1975年12月14日の日曜日、ローレル&ハーディのレコード「The Trail Of The Lonesome Pine」はヒット・チャートの2位まで上昇。コメディ界のスターによるチャート首位獲得を阻んだのは、クイーンの「Bohemian Rhapsody」で、この記録的な大ヒット曲は実に9週間に亘って1位のポジションを維持し続けた。
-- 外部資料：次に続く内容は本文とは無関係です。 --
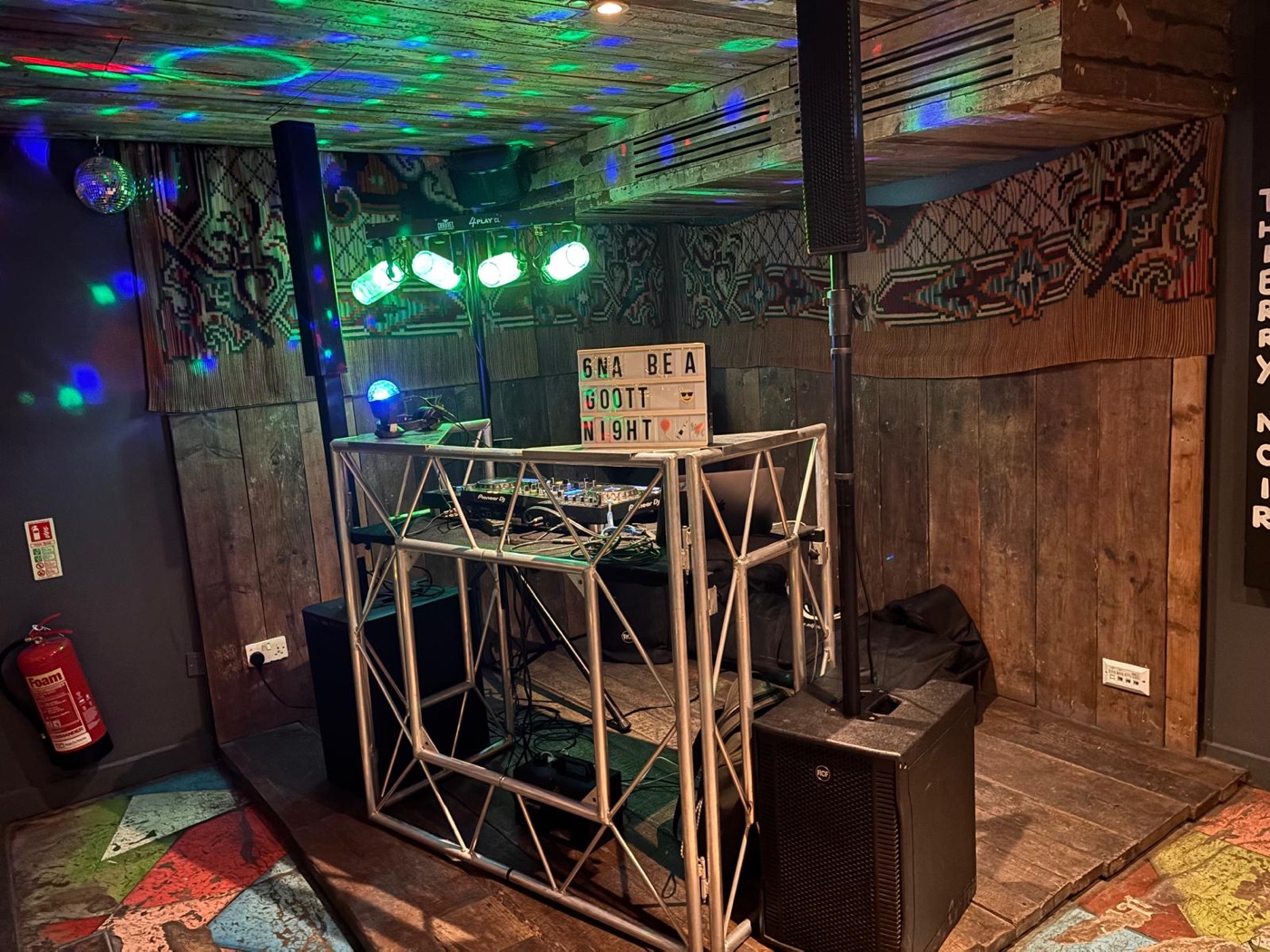 Smart DJ booth with lighting rig set up in a venue
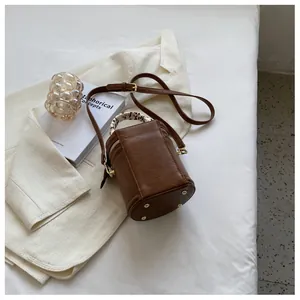 Detailed view of brown bucket bag featuring a silk scarf handle and metal feet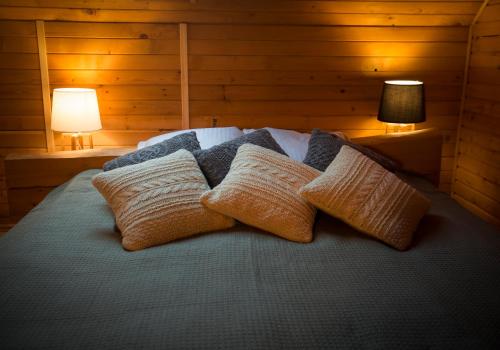 a bed with three pillows on it with two lamps at Rakši in Cēsis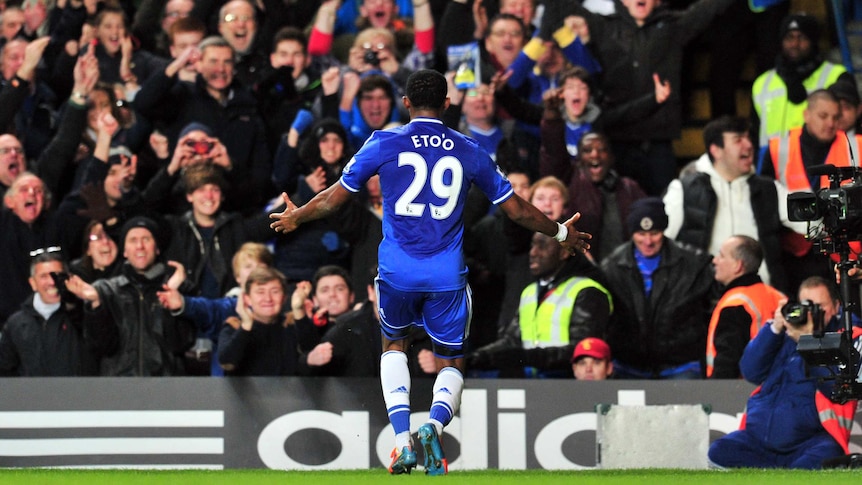 On target ... Samuel Eto'o celebrates scoring his second goal with Chelsea fans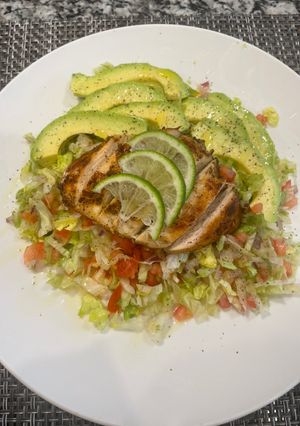 A picture of Chicken breast with green salad.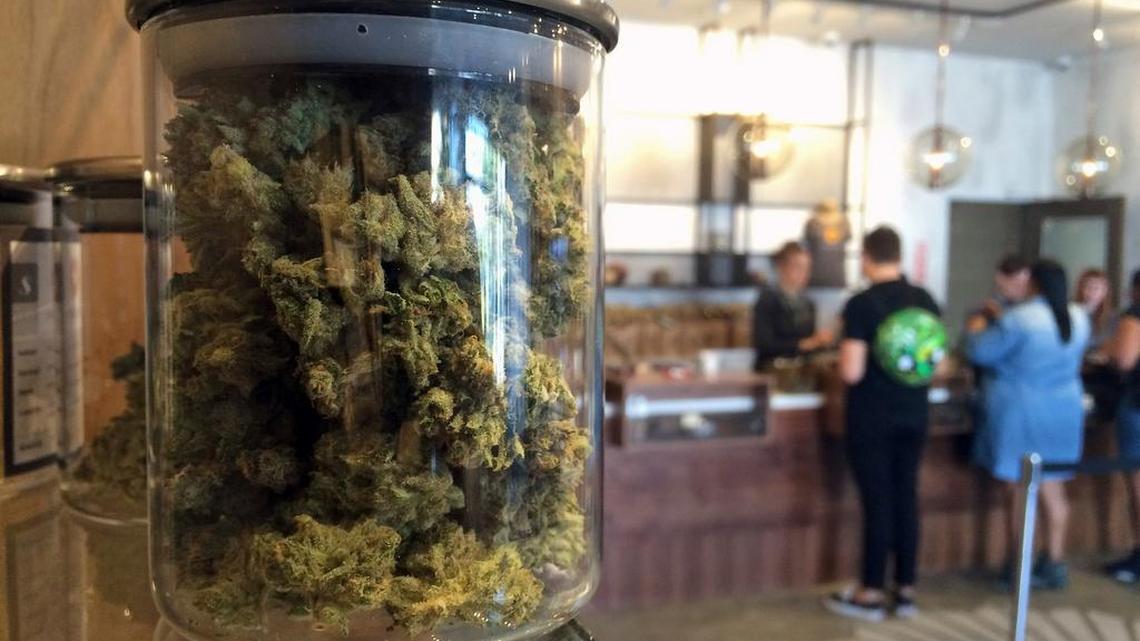 Customers buy products at the Harvest Medical Marijuana Dispensary in San Francisco in April.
しかし1937年のコメディ映画『宝の山』に使用された劇中歌であった「The Trail Of The Lonesome Pine」が、いかにして20世紀を代表するバンドによるロック・ミュージックの歴史に残る名曲に戦いを挑むことになり得たのだろうか。この奇妙な物語の鍵はラジオ番組のDJ、ジョン・ピールの力にあった。

 

ハリウッド喜劇の黄金期

1970年代半ばごろ、ローレル&ハーディの映画はBBCテレビで頻繁に放送されていた。モノクロの長編映画『宝の山』も1974年のクリスマスにBBC 1で放送され、数百万の視聴者がそれを茶の間で楽しんだ。そこであるレコード会社が、『The Golden Age Of Hollywood Comedy』というアルバムの発売を決めたのだった。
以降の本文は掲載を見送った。